Zu einem anderem Thema. Sie sind seit drei Monaten Vorsitzende des Haushaltsausschusses. Zuvor waren Sie viele Jahre haushaltspolitische Sprecherin Ihrer Fraktion. Sie kennen sich also aus. Was hat Sie dennoch im neuen Amt überrascht?
Im Haushaltsausschuss ist es in der Regel so voll, wie in der S-Bahn im Berufsverkehr. Ich habe mit den Obleuten festgelegt, dass die zahlreichen Ländervertreter in Zukunft im Rang ihre Plätze einnehmen sollen, um ein ordentliches Arbeiten zu ermöglichen. Hätte ich den Länderfinanzausgleich gestrichen, der Protest wäre nicht größer gewesen. Das hat mich schon überrascht.
Ihre Position gilt als einflussreich. Können Sie jetzt schon sagen, wie Sie bei den Etatberatungen in den kommenden Wochen Einfluss nehmen können?
Wir haben es mit einer 80-Prozent-Koalition zu tun. Da besteht natürlich immer die Gefahr, dass Kungelrunden in Hinterzimmer die Haushaltsberatungen dominieren. Ich werde dafür eintreten, dass wir die Entscheidungen tatsächlich im Ausschuss treffen und das auch möglichst transparent.
Wichtig sind neben Ihnen die Sprecher und Obleute der vier Fraktionen. Wie gestaltet sich die Zusammenarbeit?

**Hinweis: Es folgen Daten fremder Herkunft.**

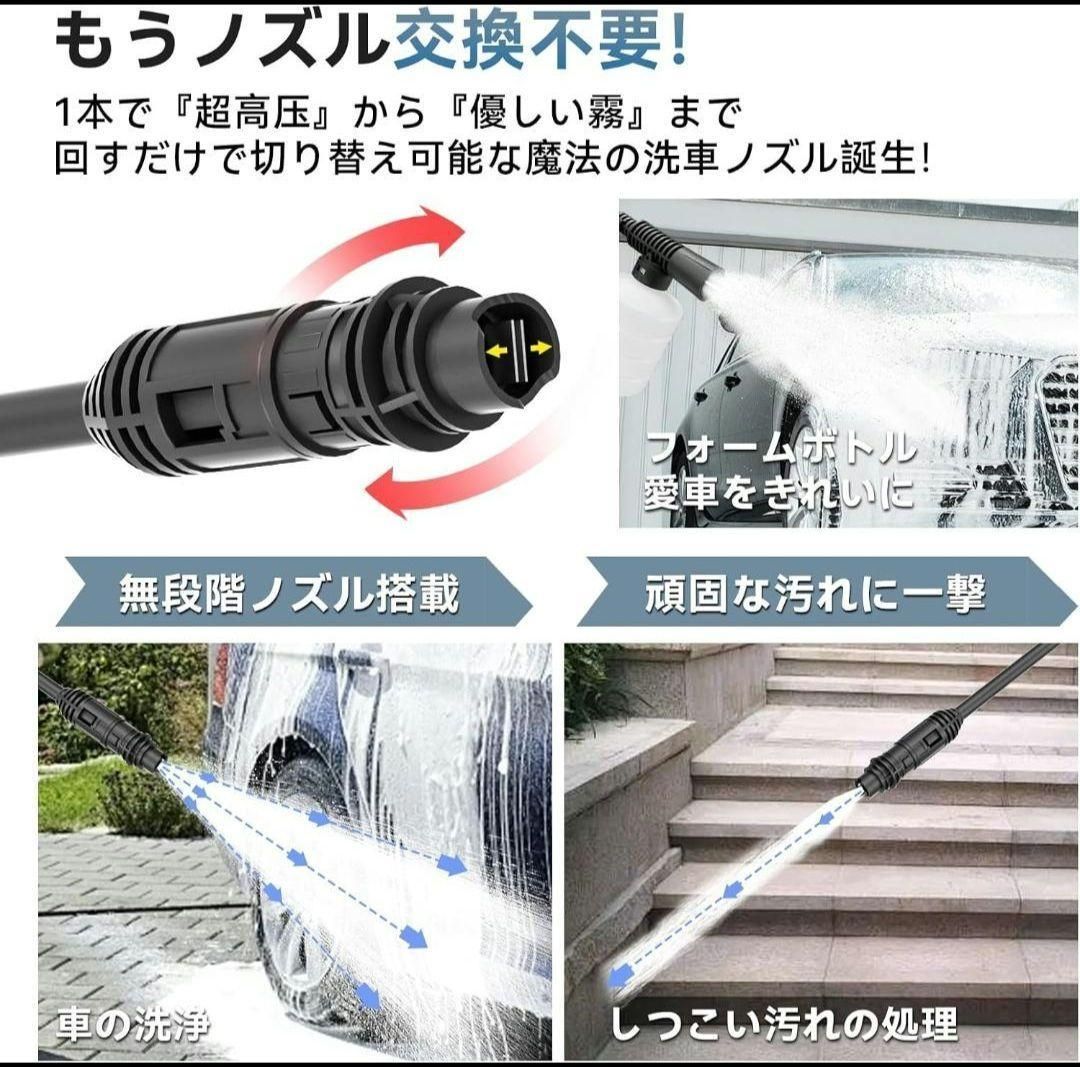 ✨1点物✨高圧洗浄機 超軽量 コンパクト A4用紙サイズ 洗車 小型 高圧洗浄機【A4用紙サイズ・超軽量2.85kg・2025年新登場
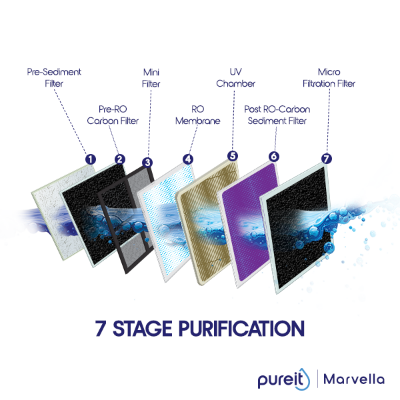 Picture of Pureit Marvella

Man muss auch mit Politikern, die sehr unterschiedliche politische Ansichten haben, sachlich und konstruktiv zusammenarbeiten können. Das gelingt uns auch ganz gut.
Was wollen Sie bis zum Ende der Legislaturperiode als Ausschussvorsitzende erreicht haben?

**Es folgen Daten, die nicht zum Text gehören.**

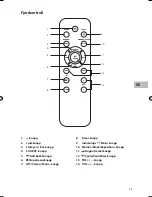 Предварительный просмотр 45 страницы Sandstrom SICDBB13E Instruction Manual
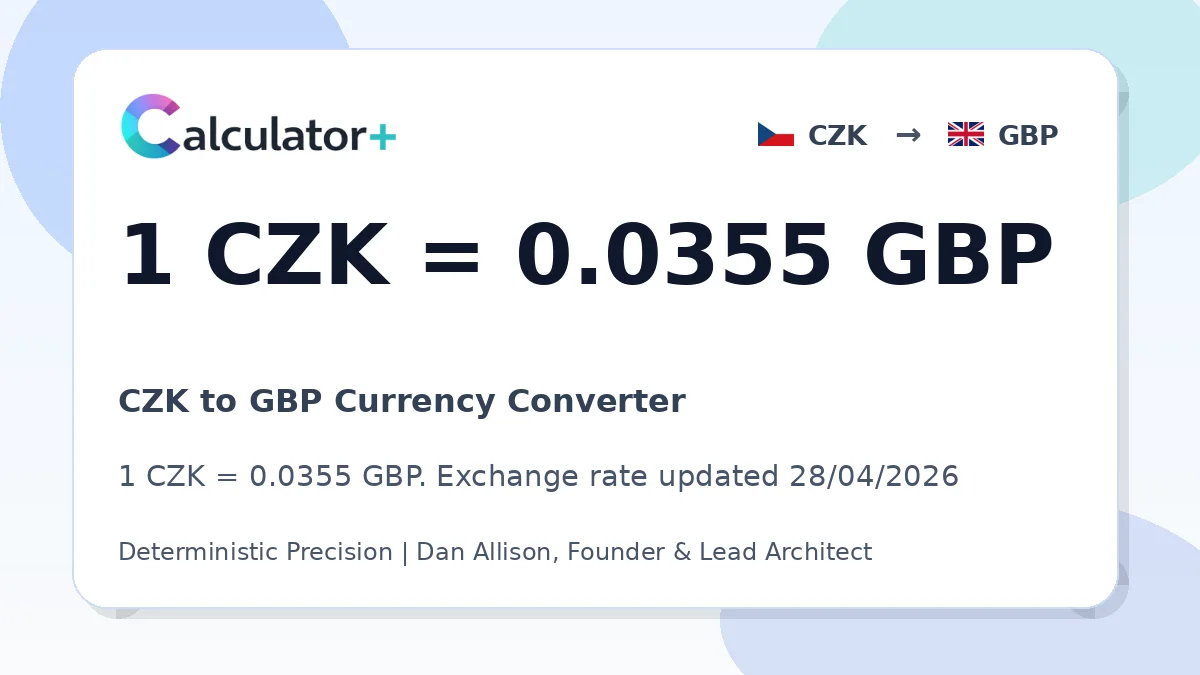 CZK to GBP exchange rate card showing 1 CZK = 0.0355 GBP. Exchange rate updated 28/04/2026.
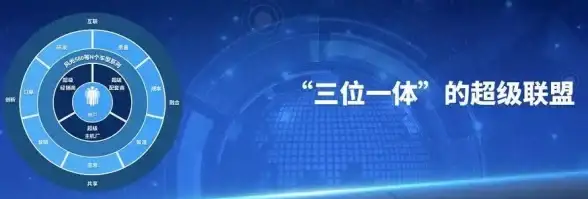 云计算,服务器运维-云主机托管湖北十堰价格、服务及运维体验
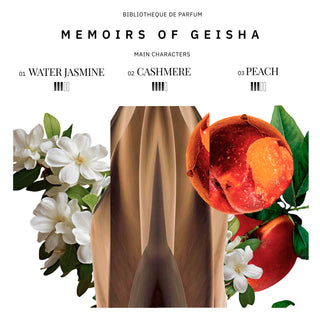 Memoirs of Geisha 100 ml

Der Bundeshaushalt ist für die meisten Menschen ein Buch mit sieben Siegeln. Das will ich ändern. Wir brauchen einen Bürgerhaushalt. Die Menschen haben ein Recht, zu erfahren, wie und wofür ihre Steuermittel ausgegeben werden. Noch besser wäre es natürlich, wenn sie auch ein Mitentscheidungsrecht hätten, wie es in meinem Wahlkreis Berlin-Lichtenberg schon der Fall ist.